Even when the Chief Justice promulgated the meaning of those words, he responded by saying that it’s her interpretation. That reaction in itself is a rejection of the acceptance that judges’ pronouncements have to be obeyed whether from the first stage of High Court up to the CCJ.
If a judge ruled that all road signs must be light in colour and pink is not a light colour, if the decision is upheld by the final court of appeal, then the country must accept that pink cannot be used on signs.
The second error was his approach to the WPA. It did not look good for one of your partners in government telling the nation the president did not consult them on two issues and the president saying he did. I am referring to the selection and removal of Dr. Roopnaraine as Education Minister.
Strategy should have compelled Mr. Granger to act differently because the thinking naturally to come out of the AFC is if he can treat the WPA like that, why he wouldn’t do the same to us; after all the WPA was a priceless role in the formation of APNU. I think on both of these misdirected pathways, Mr. Granger did not care about the political fallout.
Finally, the personal one which has left the bitter taste of chagrin in my mouth because I feel Mr. Granger was personally insulting to me. His refusal to even deal with the issue in a subtle and diplomatic way tells me a lot about the politics of this man. I have referred to this impasse several times in my columns. I am not promising this entry here will be the last. I expect Mr. Granger to address the situation of his accusatory press release against me.
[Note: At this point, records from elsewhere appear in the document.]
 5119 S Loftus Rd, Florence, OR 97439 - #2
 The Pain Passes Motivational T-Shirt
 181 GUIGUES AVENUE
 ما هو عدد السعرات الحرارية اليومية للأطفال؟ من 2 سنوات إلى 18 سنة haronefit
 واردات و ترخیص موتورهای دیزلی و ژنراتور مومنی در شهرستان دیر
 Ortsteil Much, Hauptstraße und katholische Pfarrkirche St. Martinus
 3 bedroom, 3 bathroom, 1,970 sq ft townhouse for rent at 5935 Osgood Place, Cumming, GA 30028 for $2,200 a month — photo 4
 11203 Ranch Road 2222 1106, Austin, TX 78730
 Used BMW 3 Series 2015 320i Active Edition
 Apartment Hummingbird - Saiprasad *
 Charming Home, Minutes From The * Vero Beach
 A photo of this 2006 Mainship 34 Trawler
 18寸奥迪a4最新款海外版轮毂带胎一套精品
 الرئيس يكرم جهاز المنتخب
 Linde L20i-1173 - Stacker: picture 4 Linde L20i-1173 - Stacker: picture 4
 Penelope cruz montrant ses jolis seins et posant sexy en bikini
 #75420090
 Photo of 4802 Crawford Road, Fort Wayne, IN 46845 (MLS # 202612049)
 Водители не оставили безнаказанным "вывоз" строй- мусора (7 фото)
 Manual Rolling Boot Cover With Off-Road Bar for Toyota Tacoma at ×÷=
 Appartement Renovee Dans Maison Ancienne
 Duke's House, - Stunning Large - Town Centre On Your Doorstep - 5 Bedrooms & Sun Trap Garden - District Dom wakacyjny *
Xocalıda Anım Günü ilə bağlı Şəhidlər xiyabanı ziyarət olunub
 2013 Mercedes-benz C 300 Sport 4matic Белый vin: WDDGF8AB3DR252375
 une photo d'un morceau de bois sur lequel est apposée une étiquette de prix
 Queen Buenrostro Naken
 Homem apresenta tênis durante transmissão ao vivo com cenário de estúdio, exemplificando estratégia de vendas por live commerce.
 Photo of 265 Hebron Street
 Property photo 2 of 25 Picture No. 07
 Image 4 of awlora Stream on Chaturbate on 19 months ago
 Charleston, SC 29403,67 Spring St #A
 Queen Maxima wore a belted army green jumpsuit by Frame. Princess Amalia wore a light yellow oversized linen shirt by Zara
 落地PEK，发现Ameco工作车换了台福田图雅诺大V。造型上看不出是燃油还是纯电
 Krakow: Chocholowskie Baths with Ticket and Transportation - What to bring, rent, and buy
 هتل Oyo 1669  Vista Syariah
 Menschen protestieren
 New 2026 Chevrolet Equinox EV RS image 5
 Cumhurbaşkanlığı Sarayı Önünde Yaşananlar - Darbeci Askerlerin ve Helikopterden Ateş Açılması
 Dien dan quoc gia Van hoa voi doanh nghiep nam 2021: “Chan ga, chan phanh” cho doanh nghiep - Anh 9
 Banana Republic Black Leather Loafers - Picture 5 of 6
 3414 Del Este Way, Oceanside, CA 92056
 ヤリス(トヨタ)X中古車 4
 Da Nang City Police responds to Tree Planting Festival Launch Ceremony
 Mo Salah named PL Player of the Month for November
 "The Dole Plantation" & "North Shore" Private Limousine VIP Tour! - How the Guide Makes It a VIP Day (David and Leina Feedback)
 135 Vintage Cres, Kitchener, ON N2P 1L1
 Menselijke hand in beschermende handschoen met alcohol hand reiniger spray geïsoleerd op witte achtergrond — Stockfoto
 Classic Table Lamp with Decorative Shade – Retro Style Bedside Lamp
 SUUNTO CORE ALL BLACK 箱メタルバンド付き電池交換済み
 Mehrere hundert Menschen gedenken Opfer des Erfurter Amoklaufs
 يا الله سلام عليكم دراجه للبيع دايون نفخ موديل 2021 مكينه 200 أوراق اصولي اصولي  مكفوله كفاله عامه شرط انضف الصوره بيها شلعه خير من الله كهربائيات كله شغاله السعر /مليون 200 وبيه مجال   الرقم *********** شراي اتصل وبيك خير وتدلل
At an official AFC press conference, Raphael Trotman was taped telling the media that Mr. Granger, personally, in his capacity as President, appointed three ministers on his own outside of the stipulations of the Cummingsburg Accord. Mr. Trotman was unambiguous in his semantic descriptions.
Trotman said all three choices came from within the hierarchy of the AFC without the AFC’s input. He named the President’s son-in-law as one. Mr. Trotman is on tape telling the media; “We are the three extras.”
Any commentator would have picked up on that revelation. I did. The Office of the President reacted by issuing a press release accusing me of creating mischief in the relevant column and completely leaving out any mention of Trotman. I think that was deliberate and dishonest. All I did was to transmit to my column the words of Trotman. It was reckless to accuse me of mischief because some lunatic supporter of Mr. Granger could have harmed me.